The cabaret tradition: Melinda Hughes, Jeremy Limb & friends in Weimar and Back

Weimar & Back - Melinda Hughes & Jeremy Limb - Nimbus Alliance
Weill, Hollaender, Spoliansky, Heyman, Hughes & Limb; Melinda Hughes, Jeremy Limb; Nimbus Alliance Reviewed by Robert Hugill on 5 June 2018 Star rating: 3.5 (★★★½)
Operatic soprano in satirical cabaret mode, Melinda Hughes explores modern mores and contrasts them with Berlin in the Weimar Republic era

Melinda Hughes is an operatic soprano who has built an alternative career as a cabaret artist. In opera her appearances have included the title role in Verdi's Aida with Dorset Opoera. In cabaret she has mined a strong vein of Weimar Republic songs, including a disc devoted mainly to songs by Mischa Spoliansky, combined with her own material written in collaboration with her regular pianist Jeremy Limb.

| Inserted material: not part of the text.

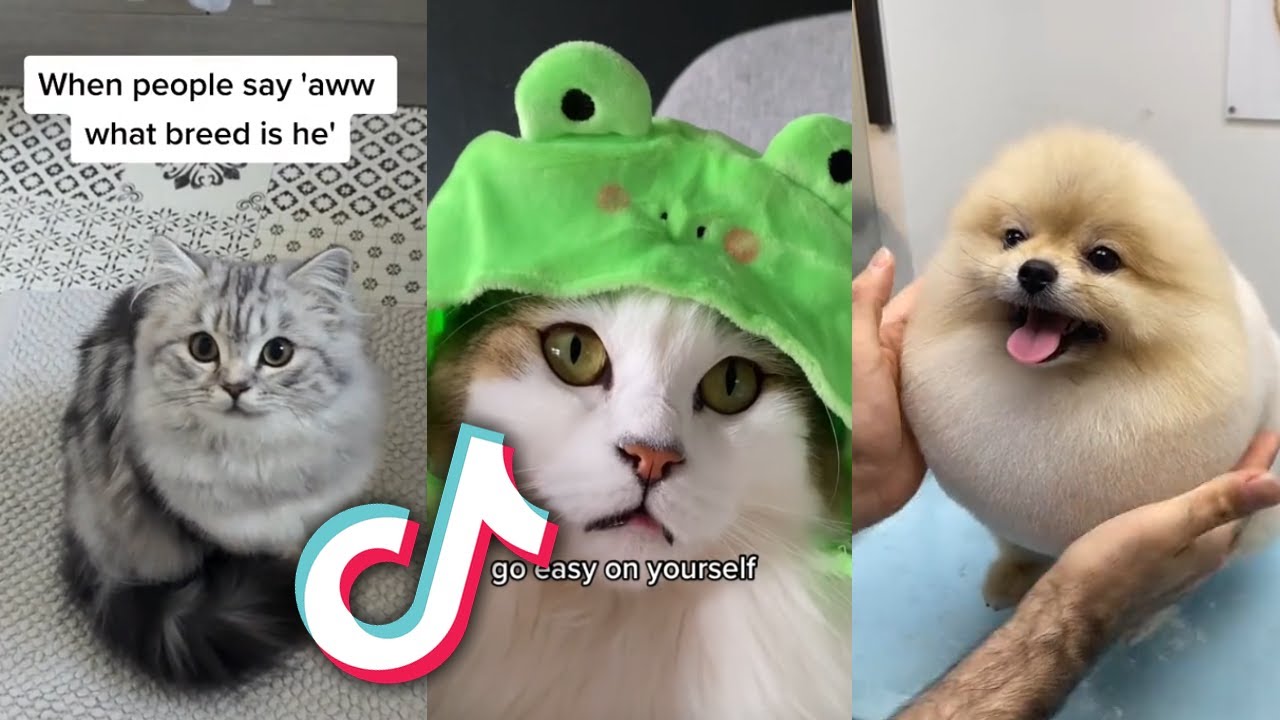 The BEST TIKTOK PETS that will MAKE YOU SMILE... 🐶🐶 - YouTube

On this new disc, Weimar and Back from Nimbus Alliance, Melinda Hughes and Jeremy Limb (who also did the arrangements) are joined by Paul Cavaciuti & Jamie Fisher (percussion), Robert Rickenberg (double bass), Martin White (Accordion), Eloise Prouse, Rachel Steadman, Charlie Cross, Jess Cox (string quartet) to perform repertoire which mixes Hughes & Limb's songs, on subjects as various as Berlin, Janacek's Emilia Marty, all the best guys being gay, and a city girl's lament on vising country estates, with songs by Kurt Weill, Werner R Heyman, Friedrich Hollaender and Mischa Spoliansky, not all dating from the Weimar Republic but with a similar cabaret tradition.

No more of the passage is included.